La grande distribution a un rôle clair à jouer pour favoriser les produits locaux, mais les enseignes fonctionnent beaucoup en fonction de leur pays d’origine…
Je pense qu’à la lumière de la libre concurrence et de la libre circulation des marchandises, la grande distribution est libre de son choix. In fine, c’est le consommateur qui décide ce qui se trouve dans les étalages des supermarchés, par son choix et par son opinion. D’où l’importance d’un consommateur mieux informé et responsable. Néanmoins, je ne cesse de sensibiliser la grande distribution à se tourner vers des produits agricoles régionaux, non seulement pour promouvoir une alimentation plus saine et qualitative, mais aussi pour contribuer à la lutte contre le changement climatique, par des circuits-courts de production, de transformation et de commercialisation. Un autre aspect qui pourrait en bénéficier est la réduction du gaspillage alimentaire en favorisant l’économie circulaire. D’ailleurs de plus en plus de distributeurs internationaux présents sur le marché luxembourgeois ont étendu leur offre dans ce contexte précis. Le consommateur averti ne veut pas forcément des produits bios, mais ils souhaitent qu’ils soient régionaux.

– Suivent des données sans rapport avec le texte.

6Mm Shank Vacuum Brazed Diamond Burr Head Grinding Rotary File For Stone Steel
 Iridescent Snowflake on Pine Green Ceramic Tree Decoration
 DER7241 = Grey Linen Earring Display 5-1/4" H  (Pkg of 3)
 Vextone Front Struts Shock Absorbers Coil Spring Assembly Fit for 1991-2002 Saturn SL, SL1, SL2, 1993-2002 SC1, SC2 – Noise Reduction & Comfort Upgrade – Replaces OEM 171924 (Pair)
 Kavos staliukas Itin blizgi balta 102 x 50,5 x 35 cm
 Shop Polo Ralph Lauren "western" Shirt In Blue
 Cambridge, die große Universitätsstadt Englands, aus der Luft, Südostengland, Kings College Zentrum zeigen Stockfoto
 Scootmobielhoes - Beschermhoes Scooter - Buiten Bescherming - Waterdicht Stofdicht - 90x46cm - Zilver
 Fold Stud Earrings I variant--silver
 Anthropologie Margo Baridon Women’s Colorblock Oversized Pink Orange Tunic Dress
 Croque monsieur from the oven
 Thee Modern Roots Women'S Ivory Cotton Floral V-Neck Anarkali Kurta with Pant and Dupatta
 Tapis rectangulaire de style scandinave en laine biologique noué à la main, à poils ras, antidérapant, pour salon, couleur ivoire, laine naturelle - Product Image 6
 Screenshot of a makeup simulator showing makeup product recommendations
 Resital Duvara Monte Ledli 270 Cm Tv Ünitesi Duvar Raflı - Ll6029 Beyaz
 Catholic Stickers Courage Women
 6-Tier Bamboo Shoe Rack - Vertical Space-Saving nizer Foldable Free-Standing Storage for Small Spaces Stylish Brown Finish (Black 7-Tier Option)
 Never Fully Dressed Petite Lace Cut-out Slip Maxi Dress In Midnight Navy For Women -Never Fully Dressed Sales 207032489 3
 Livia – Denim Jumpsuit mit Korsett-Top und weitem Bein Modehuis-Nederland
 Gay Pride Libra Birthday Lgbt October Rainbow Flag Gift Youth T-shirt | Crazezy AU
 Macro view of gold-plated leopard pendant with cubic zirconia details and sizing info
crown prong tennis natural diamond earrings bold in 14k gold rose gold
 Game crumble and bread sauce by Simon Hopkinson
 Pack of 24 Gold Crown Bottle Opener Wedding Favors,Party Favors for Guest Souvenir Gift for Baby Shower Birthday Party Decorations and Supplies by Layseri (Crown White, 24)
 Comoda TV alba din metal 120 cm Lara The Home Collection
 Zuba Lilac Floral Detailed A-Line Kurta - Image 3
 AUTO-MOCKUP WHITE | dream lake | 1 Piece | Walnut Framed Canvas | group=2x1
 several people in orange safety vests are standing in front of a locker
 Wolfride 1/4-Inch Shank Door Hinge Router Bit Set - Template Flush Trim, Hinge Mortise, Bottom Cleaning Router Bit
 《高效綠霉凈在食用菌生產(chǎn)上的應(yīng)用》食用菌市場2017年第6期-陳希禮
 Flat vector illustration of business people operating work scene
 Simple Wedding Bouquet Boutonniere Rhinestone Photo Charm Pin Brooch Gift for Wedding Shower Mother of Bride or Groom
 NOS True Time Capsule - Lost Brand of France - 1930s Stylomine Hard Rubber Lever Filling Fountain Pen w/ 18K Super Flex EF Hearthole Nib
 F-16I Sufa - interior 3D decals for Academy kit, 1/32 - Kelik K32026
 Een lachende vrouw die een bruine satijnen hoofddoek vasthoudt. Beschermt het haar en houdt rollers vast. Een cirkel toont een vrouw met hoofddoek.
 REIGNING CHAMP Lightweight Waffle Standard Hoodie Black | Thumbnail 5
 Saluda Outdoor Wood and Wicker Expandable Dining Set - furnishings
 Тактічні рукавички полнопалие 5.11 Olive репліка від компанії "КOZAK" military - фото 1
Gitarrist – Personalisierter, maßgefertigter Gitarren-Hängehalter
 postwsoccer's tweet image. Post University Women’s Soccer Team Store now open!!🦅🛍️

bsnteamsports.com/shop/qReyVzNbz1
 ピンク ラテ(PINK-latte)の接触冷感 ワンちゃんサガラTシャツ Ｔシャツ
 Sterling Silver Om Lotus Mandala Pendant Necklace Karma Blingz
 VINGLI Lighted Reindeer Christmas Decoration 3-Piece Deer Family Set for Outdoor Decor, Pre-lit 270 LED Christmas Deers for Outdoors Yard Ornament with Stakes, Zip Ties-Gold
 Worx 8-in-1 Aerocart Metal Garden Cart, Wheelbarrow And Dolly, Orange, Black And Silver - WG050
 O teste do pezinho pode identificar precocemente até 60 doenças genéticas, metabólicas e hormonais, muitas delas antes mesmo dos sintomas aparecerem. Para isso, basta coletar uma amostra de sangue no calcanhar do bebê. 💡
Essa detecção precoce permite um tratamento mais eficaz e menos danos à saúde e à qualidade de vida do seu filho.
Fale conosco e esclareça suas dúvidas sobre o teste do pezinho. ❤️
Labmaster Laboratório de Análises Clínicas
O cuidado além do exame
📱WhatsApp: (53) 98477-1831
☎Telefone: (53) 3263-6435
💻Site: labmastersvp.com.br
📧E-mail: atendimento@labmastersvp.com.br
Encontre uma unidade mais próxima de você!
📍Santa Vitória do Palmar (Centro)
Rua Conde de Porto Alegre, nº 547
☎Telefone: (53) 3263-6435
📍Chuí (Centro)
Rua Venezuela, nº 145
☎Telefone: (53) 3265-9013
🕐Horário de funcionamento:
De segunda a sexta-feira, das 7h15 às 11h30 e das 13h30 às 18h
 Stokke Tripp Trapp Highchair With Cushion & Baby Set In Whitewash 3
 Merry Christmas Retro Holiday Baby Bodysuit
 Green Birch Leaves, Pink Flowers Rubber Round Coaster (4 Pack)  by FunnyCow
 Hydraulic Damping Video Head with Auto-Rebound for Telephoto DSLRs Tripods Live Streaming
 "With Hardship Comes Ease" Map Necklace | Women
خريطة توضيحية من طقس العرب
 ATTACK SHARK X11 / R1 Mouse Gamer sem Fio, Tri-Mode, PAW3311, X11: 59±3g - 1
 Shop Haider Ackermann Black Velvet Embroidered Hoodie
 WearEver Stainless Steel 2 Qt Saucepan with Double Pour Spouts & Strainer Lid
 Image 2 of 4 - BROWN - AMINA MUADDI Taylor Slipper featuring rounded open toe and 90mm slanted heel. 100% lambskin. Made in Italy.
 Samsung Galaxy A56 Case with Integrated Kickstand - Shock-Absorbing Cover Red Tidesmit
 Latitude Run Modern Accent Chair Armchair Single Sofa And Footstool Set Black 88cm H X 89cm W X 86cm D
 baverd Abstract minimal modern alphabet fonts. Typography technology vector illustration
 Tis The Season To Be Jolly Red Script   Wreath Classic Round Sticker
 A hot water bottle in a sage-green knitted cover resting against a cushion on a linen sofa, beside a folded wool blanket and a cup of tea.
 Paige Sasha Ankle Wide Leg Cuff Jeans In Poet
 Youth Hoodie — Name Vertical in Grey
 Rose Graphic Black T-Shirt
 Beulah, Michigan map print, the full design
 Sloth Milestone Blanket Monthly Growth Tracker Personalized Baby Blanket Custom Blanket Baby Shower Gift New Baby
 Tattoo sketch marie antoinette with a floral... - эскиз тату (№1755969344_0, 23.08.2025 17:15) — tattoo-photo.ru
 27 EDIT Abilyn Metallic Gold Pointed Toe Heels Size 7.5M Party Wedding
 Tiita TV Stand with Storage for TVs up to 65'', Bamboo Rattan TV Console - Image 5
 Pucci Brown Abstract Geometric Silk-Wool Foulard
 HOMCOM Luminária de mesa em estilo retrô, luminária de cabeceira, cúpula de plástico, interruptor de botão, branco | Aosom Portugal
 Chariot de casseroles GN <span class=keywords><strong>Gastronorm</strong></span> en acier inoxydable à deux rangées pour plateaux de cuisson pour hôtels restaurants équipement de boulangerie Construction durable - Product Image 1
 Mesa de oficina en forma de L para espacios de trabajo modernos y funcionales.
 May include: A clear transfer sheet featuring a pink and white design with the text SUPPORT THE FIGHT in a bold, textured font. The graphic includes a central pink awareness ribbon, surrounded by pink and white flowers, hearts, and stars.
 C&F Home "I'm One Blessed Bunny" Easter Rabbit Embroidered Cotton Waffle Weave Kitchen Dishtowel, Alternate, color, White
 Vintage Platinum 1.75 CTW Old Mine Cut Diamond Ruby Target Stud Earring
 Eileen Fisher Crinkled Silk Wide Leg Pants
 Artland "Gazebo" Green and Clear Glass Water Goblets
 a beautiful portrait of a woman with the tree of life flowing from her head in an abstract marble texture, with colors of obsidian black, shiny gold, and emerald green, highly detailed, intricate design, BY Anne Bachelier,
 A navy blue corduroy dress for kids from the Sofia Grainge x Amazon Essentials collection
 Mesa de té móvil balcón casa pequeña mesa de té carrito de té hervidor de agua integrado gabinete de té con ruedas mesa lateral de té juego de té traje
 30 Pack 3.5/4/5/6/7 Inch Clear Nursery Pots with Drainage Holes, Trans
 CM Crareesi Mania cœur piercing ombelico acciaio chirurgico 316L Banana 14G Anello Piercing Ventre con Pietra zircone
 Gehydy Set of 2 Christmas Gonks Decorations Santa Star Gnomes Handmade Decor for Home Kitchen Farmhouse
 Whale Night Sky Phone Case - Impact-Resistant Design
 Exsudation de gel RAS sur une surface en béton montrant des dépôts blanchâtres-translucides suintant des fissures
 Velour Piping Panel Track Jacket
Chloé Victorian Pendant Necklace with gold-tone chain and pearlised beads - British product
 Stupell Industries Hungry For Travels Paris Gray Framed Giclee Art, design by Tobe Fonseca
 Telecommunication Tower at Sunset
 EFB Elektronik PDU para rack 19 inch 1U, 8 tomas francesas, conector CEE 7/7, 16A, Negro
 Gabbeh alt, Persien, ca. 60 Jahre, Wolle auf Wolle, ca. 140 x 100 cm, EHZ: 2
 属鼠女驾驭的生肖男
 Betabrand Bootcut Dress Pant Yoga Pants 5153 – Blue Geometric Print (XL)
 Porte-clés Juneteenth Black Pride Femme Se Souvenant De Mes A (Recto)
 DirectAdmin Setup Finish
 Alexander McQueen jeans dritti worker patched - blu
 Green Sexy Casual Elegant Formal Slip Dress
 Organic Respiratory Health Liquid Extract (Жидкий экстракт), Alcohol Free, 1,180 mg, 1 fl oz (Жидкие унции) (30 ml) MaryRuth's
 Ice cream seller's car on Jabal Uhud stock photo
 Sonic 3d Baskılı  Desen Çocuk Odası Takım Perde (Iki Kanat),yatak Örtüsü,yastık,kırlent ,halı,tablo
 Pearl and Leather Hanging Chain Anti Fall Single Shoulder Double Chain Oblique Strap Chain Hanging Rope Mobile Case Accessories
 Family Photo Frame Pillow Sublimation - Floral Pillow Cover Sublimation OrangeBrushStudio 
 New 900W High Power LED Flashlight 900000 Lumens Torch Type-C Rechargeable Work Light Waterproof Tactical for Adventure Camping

Vous avez accordé votre soutien au prochain Luxembourg Food Summit en février 2017, comment redonner plus de pouvoir et un prix équitable aux agriculteurs et éleveurs luxembourgeois ?
J’espère que tous les acteurs des différents secteurs de l’alimentation s’y retrouveront pour mieux se fédérer et chercher des synergies en vue de développer un modèle d’agriculture et d’alimentation plus durable, sûr pour le consommateur et plus résiliant en cas de crises agricoles. Je pense que nous devons créer un vrai partenariat entre le producteur, la transformation, la distribution et le consommateur final. Pour cela nous avons besoin d’une approche intégrée tout au long des filières, basée sur la transparence des modes de production et de commercialisation : un rapprochement entre le producteur et le consommateur.
Comment imaginez-vous l’agriculture luxembourgeoise – au sens large – en 2030 ?
Je suis convaincu qu’en 2030, l’agriculture luxembourgeoise sera préparée à l’ouverture des marchés, mais moins avec la production de produits primaires de masse. Nous envisageons plutôt une agriculture de qualité, produisant de manière durable, en protégeant la biodiversité, nos ressources en eau et en valorisant le travail de nos agriculteurs.
A titre d’exemple je viens de finaliser un texte réglementaire qui prévoit des aides étatiques aux groupements de producteurs de produits agricoles qui participent à des systèmes de qualité et de certification. Les taux d’aide prévus varient non seulement en fonction du respect de critères de qualité mais aussi en fonction de critères du développement durable, du bien-être animal, de l’économie circulaire et finalement en fonction d’une répartition équitable des marges à travers de la chaîne alimentaire.
En 2030, il faudra peut-être moins parler d’«agriculture luxembourgeoise», mais plutôt de «modèle alimentaire luxembourgeois» parce nous aurons réussi à trouver des synergies rentables et innovantes ensemble avec tous les acteurs du domaine de l’alimentation, de la fourche à la fourchette.